I don't know how four years can seem like yesterday. And then some days it feels like eons ago. I can never quite get my brain around how long exactly my dad has been gone, but the calendar tells me it has been four years today. Four...long...crazy...heartbreaking...lonely...busy...growth filled years.
Most moments in most days pass without any heartache. Many pass now without even thinking about how much I miss Dad. We get up and go about our day, keeping busy and focused on the tasks at hand. Nothing significant most of the time worthy of stirring the memory.
And then there are the days when something major happens. A report card came for my First Born's first year of homeschool...as much my report card as his, and he got straight "A's." Yes, this is a moment when the wounded heart rips open when I remember I can't call Dad to share the joy. I know he would be proud of me, and First Born too. He never doubted our abilities.

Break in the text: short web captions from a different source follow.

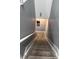 Carpeted staircase leading to the upper level of the home at 34 Iowa St, Indianapolis, IN 46225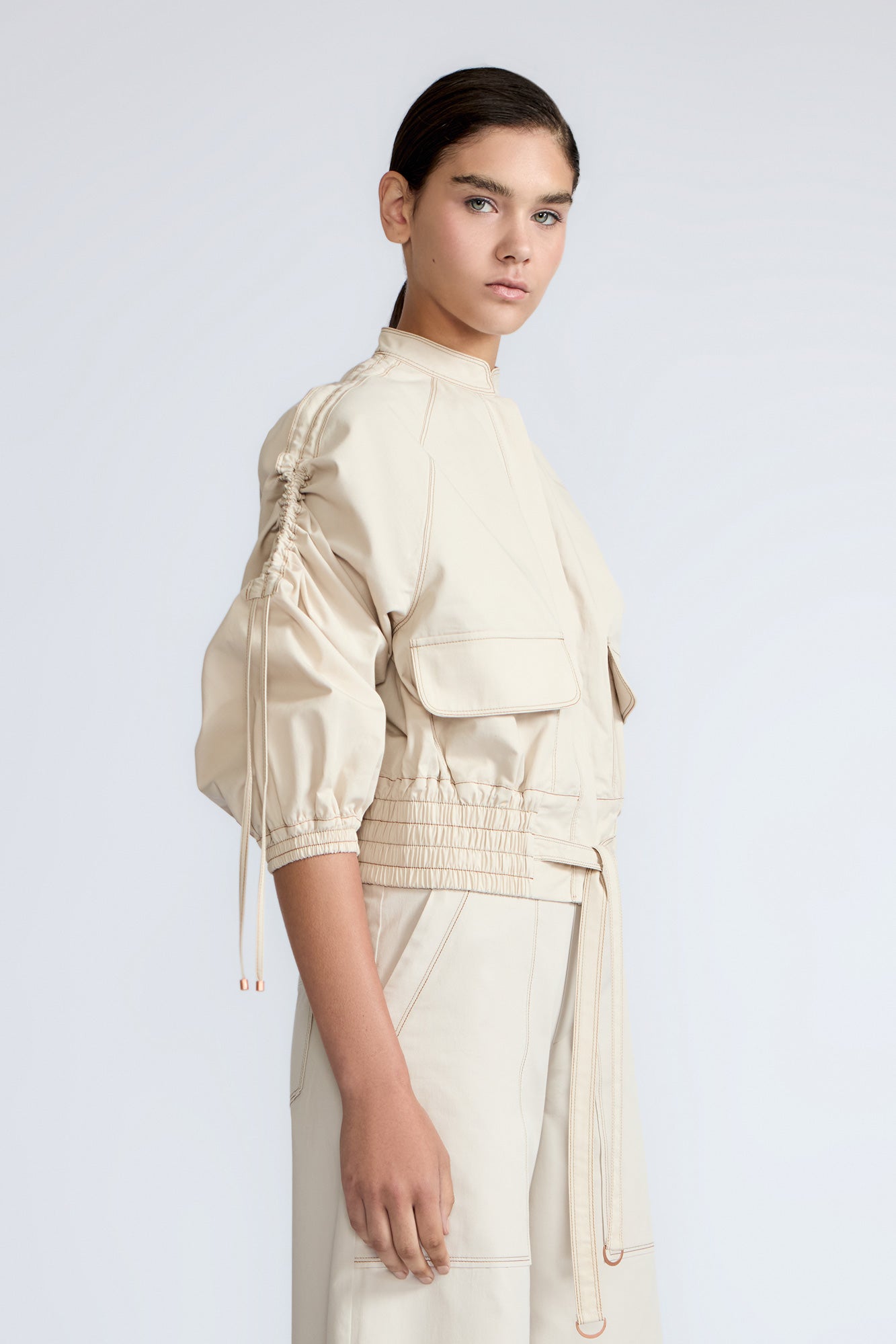 Zoe Jacket in Prestine – 100% cotton jacket with flap patch pockets, hidden buttons, long sleeves, and an adjustable drawstring hem.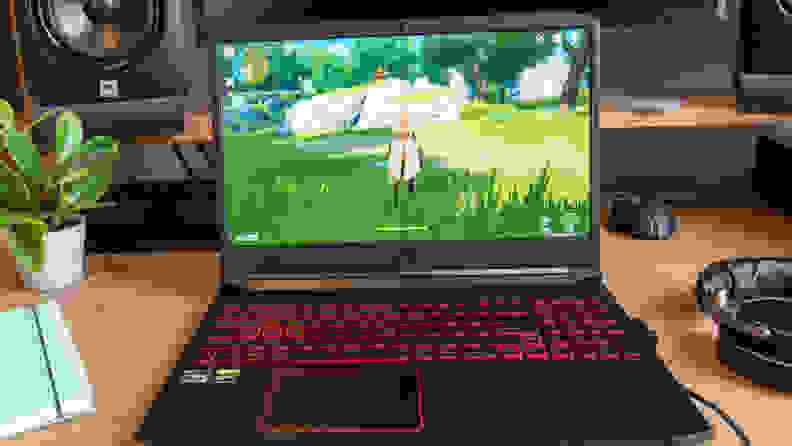 The laptop is on a desk, displaying a game
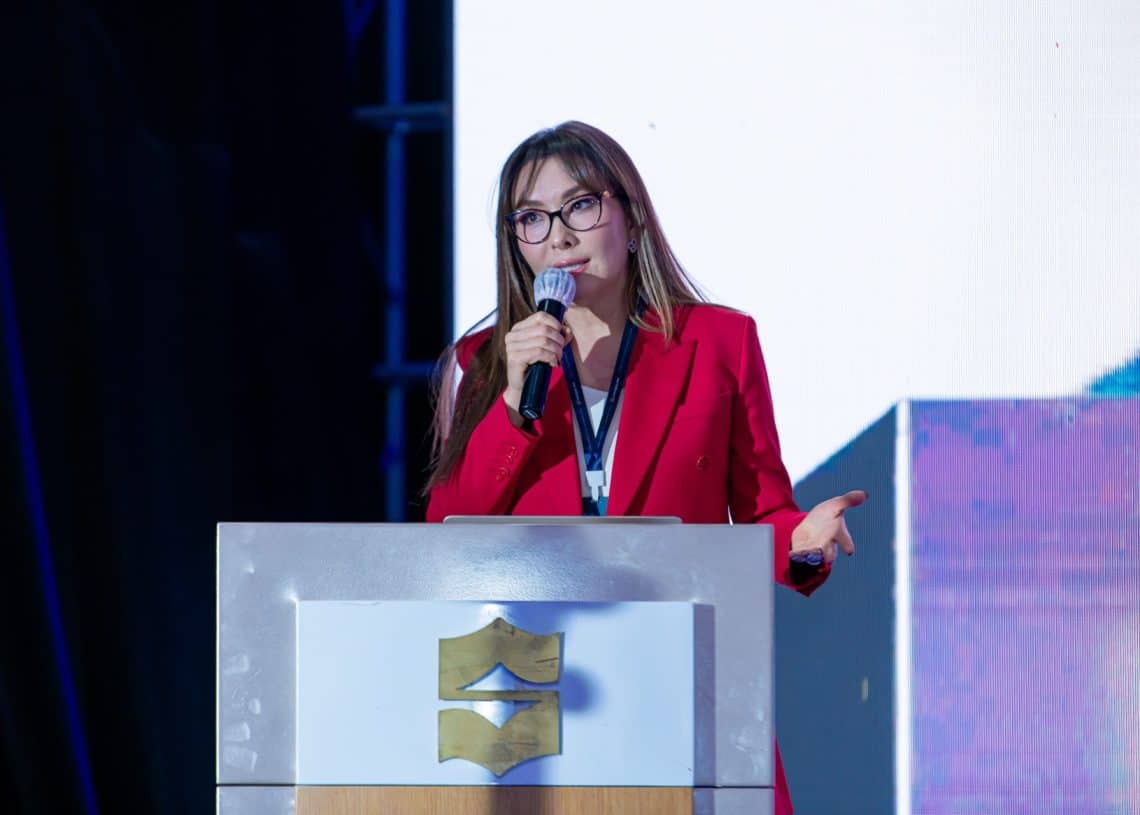 Улаан пиджак өмссөн хүн Монголын хөдөлмөрийн зах зээлийн чуулга уулзалт 2024 дээр бамбай тэмдгээр чимэглэсэн индэр дээр микрофоноор үг хэлж байна. Арын дэвсгэрийг хэсэгчлэн том дэлгэцээр гэрэлтүүлж, хүний нөөцийн талаар ярилцаж, асуудлын шийдлийг санал болгож байна. - Business.MN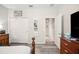 Stylish bedroom showcasing modern gray wood-look floors and ample closet space at 4303 Moon Shadow Loop, Mulberry, FL 33860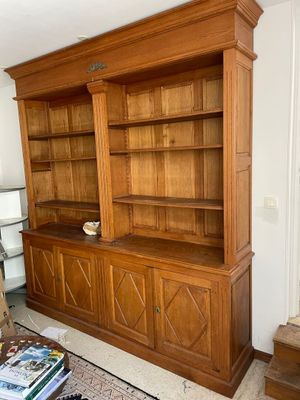 a large wooden bookcase in the corner of a living room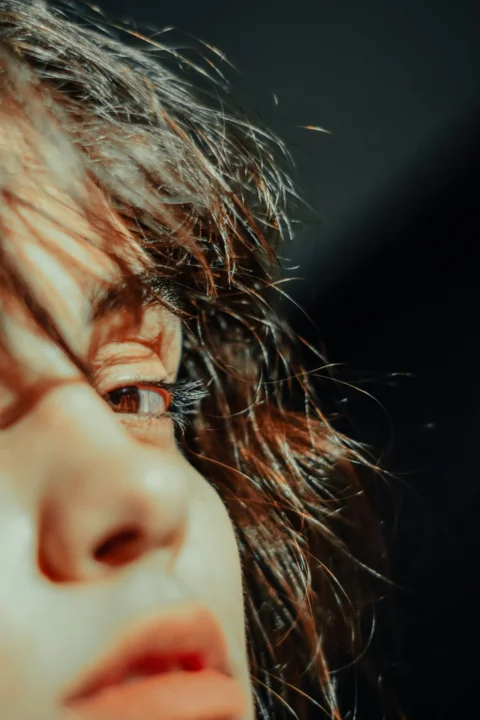 A close up of a woman's face with hair blowing in the wind
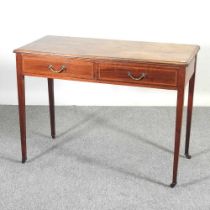An Edwardian mahogany side table, containing two drawers 102w x 46d x 75h cm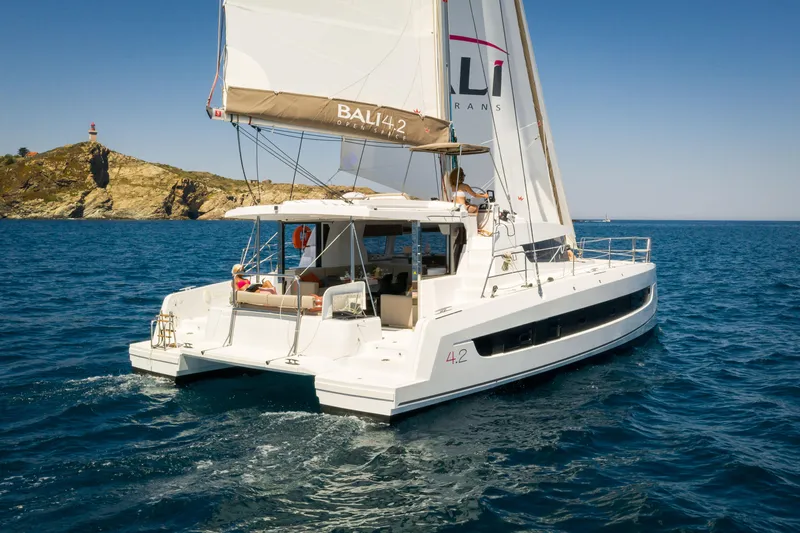 Slide: The Image of 2026 Bali 4.2 catamaran sailing on clear blue waters near a rocky coastline. - 45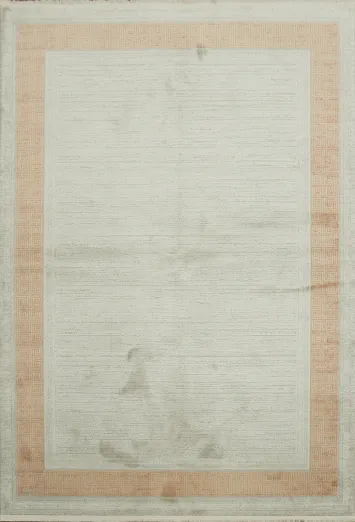 Elegant Neutral-Toned Rug with Soft Border Accent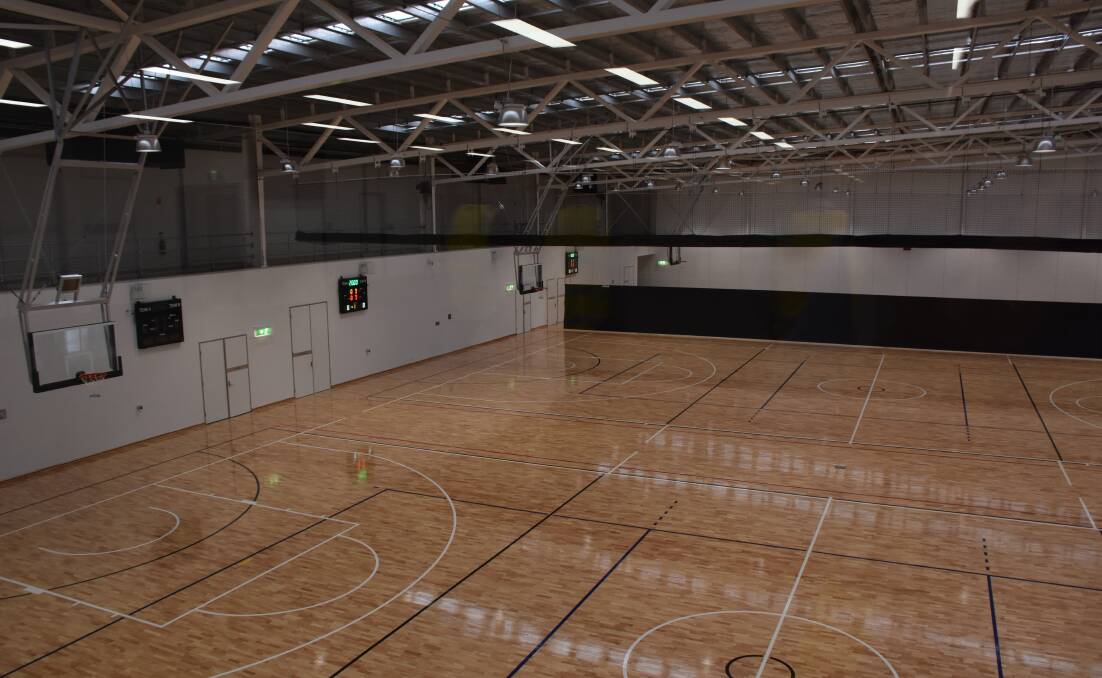 The view over the three adjoining courts of the Shoalhaven Indoor Sports Centre from the mezzanine area.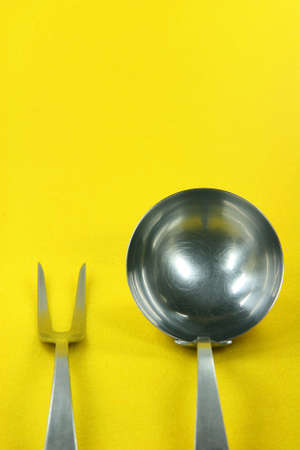 food and restaurants concepts cooking tools in yellow backgroundの写真素材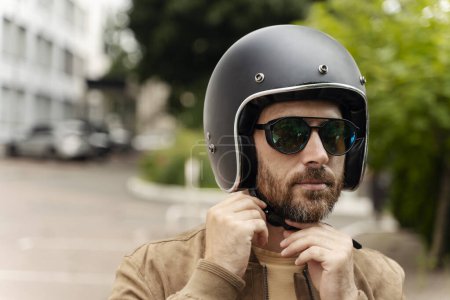Téléchargez les photos : Portrait rapproché d'un beau motard sérieux portant un casque de moto et des lunettes de soleil élégantes prêtes à rouler en moto. Aventure, liberté, concept de road trip - en image libre de droit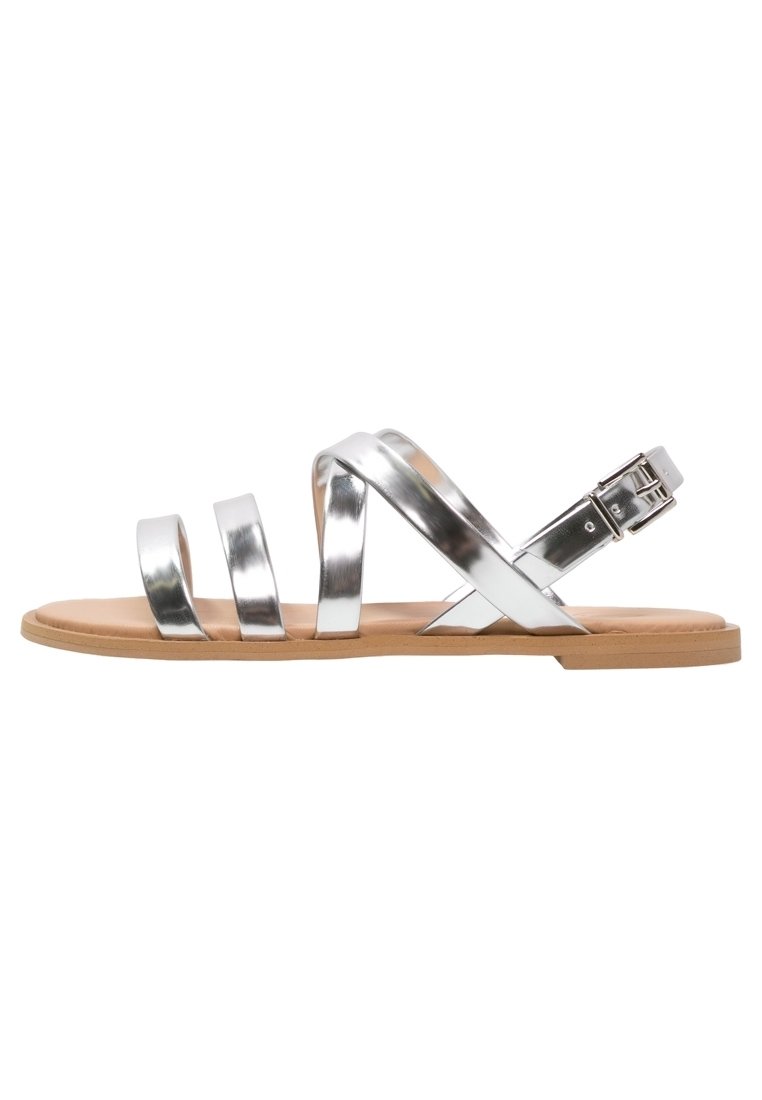 Sandali in metallo argento con cinturini, dotati di una suola piatta color tan, caratterizzati da tre cinturini larghi e una chiusura con fibbia per una vestibilità regolabile.
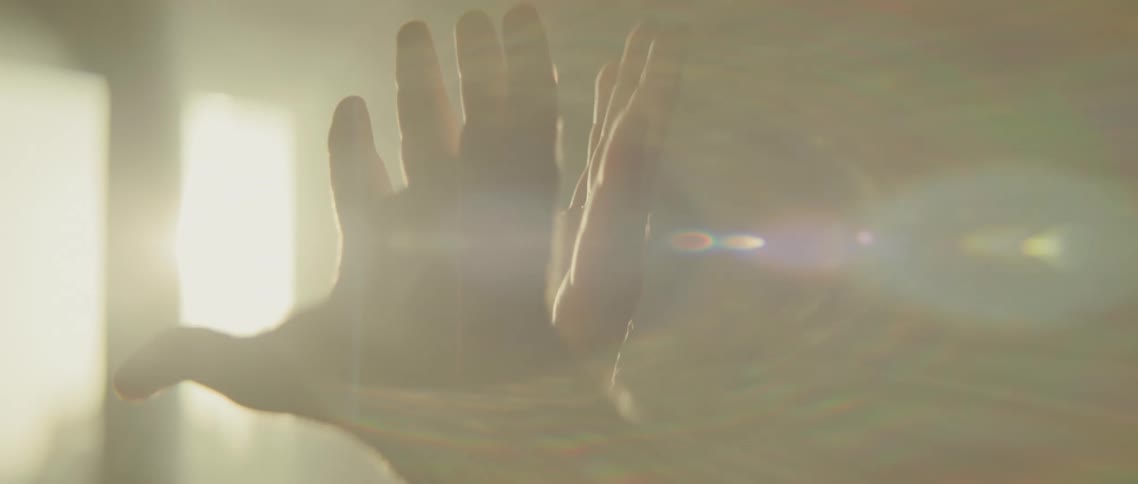 A man stands in front of a window and raises his hands in the air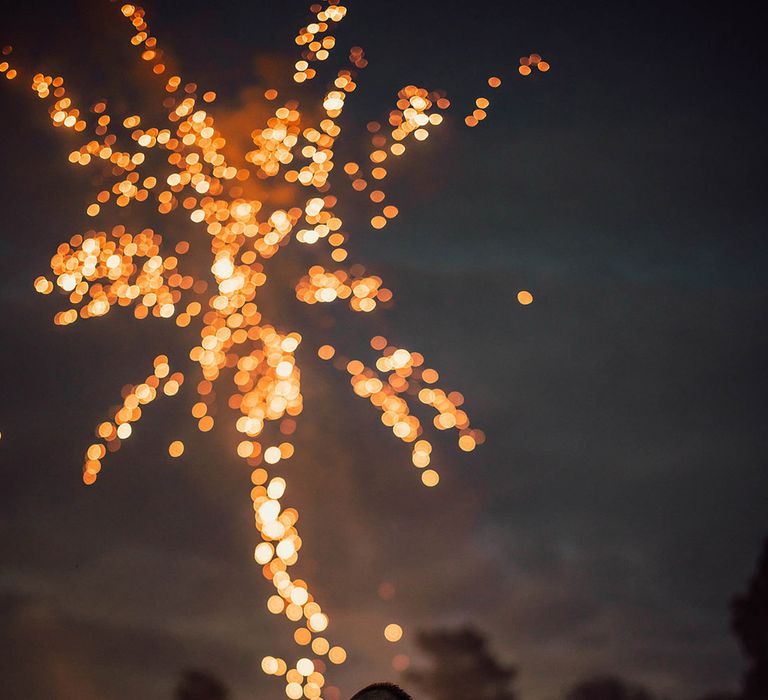 Bride and groom share a kiss as fireworks go off in the background 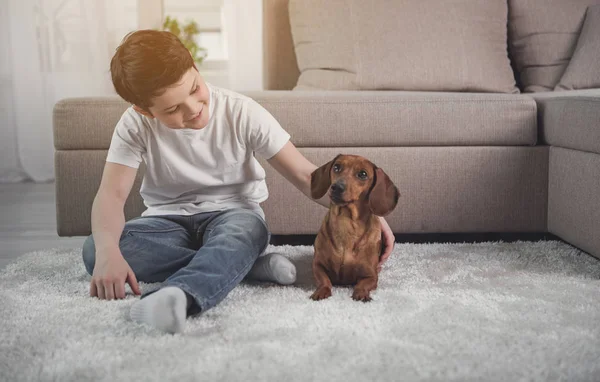 Happy kid playing with puppy in house — Stock Photo, Image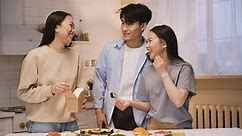 無料 ストック動画 - 3 人の日本人の友人がキッチン カウンターの周りで日本食を食べ、カメラを見て笑顔で ok サインをしている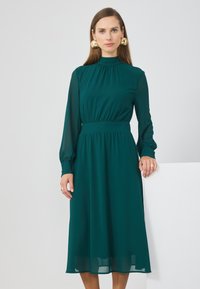 Robe longue à manches longues teal avec un col et une taille froncés, arborant une jupe fluide et des manches transparentes. Boucles d'oreilles circulaires dorées remarquables.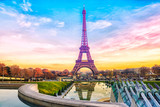 Eiffel Tower at sunset in Paris, France. Romantic travel background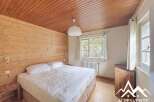 Discover the charm of this cozy bedroom featuring a warm wooden ceiling and walls, creating a rustic and inviting atmosphere.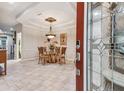 Bright dining room featuring a glass-top table and four chairs at 10002 Bentley Way, Tampa, FL 33626
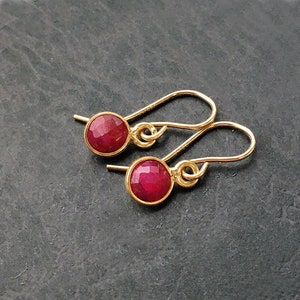 May include: A pair of gold-toned drop earrings featuring round, faceted, deep red stones set in simple metal bezels. The earrings are attached to curved gold-toned ear wires that loop through the top of each circular stone setting.
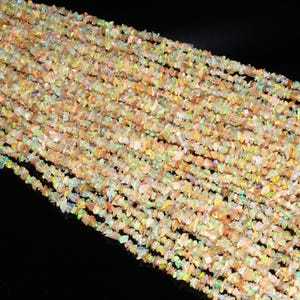 Puede incluir: Una hebra de cuentas de chip de ópalo iridiscente. Las cuentas son una mezcla de colores verde claro, amarillo y rosa. Las cuentas son pequeñas e irregulares en forma.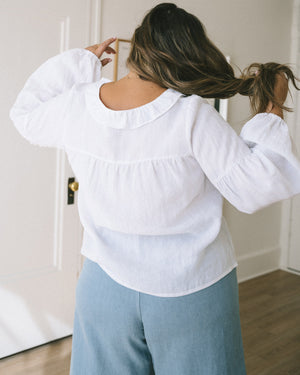 white linen long sleeve blouse with puff sleeves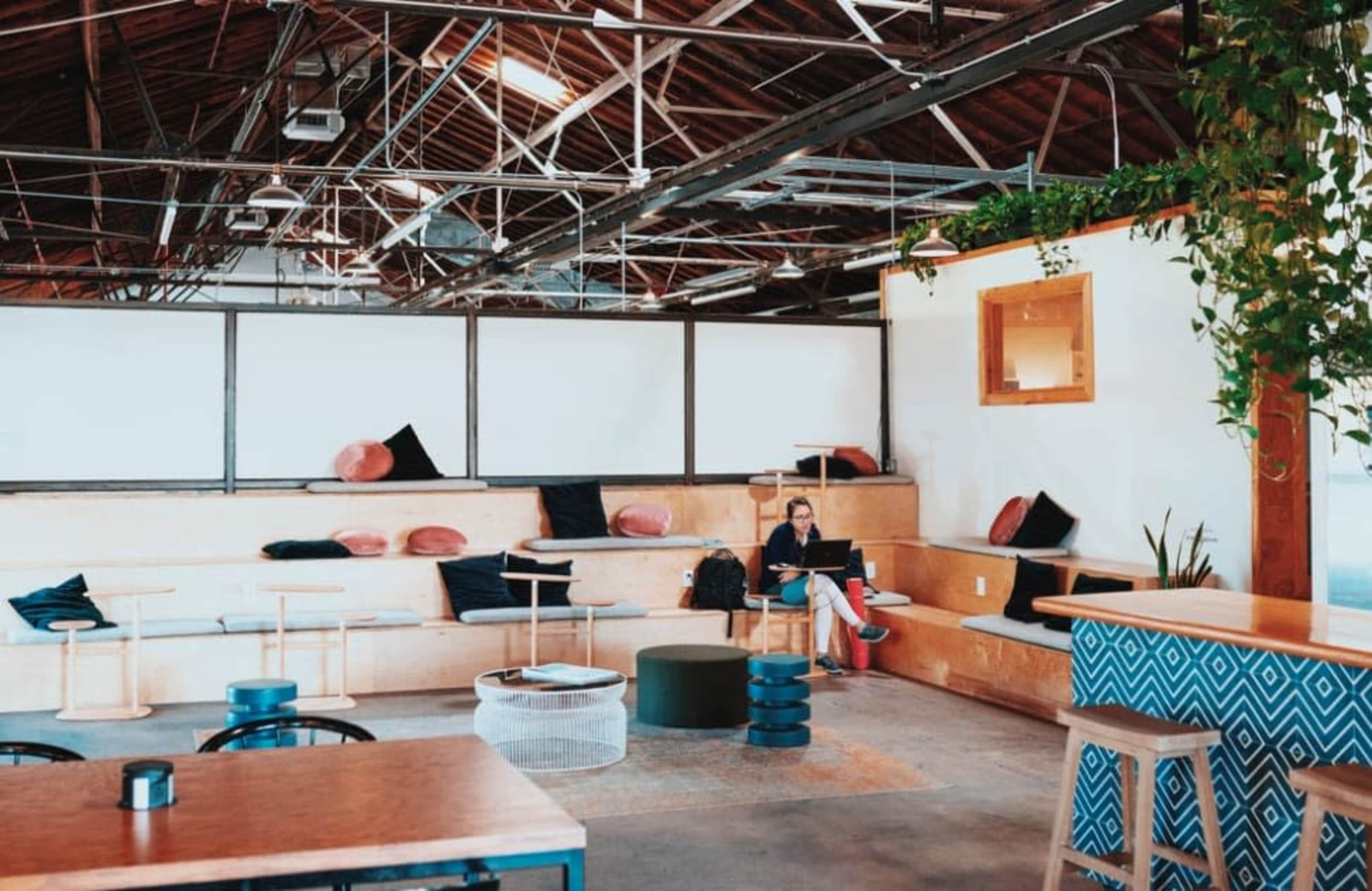 A person is sitting on a wooden bench in a large, open space with high ceilings, working on a laptop among various seating arrangements.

Small One, diva that she is, is reading like a high school lit prodigy. Dad wouldn't be surprised, he had high expectations of all of us. But when her eyes sparkle as she reads a poem that moves her I feel the ache rear it's ugly head in my chest because I know she will never experience sharing poetry with him as a child. He will never read her I Am Nobody! Who Are You? by Emily Dickenson. She will never hear him read Stopping By Woods on a Snowy Evening by Robert Frost. I will never be able to tell him how she is gifted with the written word, just like he was.
I don't know if time will ever make sense to me again really. It isn't that I can't see my children growing and watch the days flipping on the calendar, it is just that time doesn't feel the same any more. I know the wound continues to heal. But I also know that life will never be the same and there will never stop being events that pick at the scab and pull at the scar. I continue to take one day at a time, always missing, always loving Dad...and knowing our time was cut short here on earth, but looking forward to eternity in Heaven.
I miss you Dad! Happy 4th birthday in Heaven.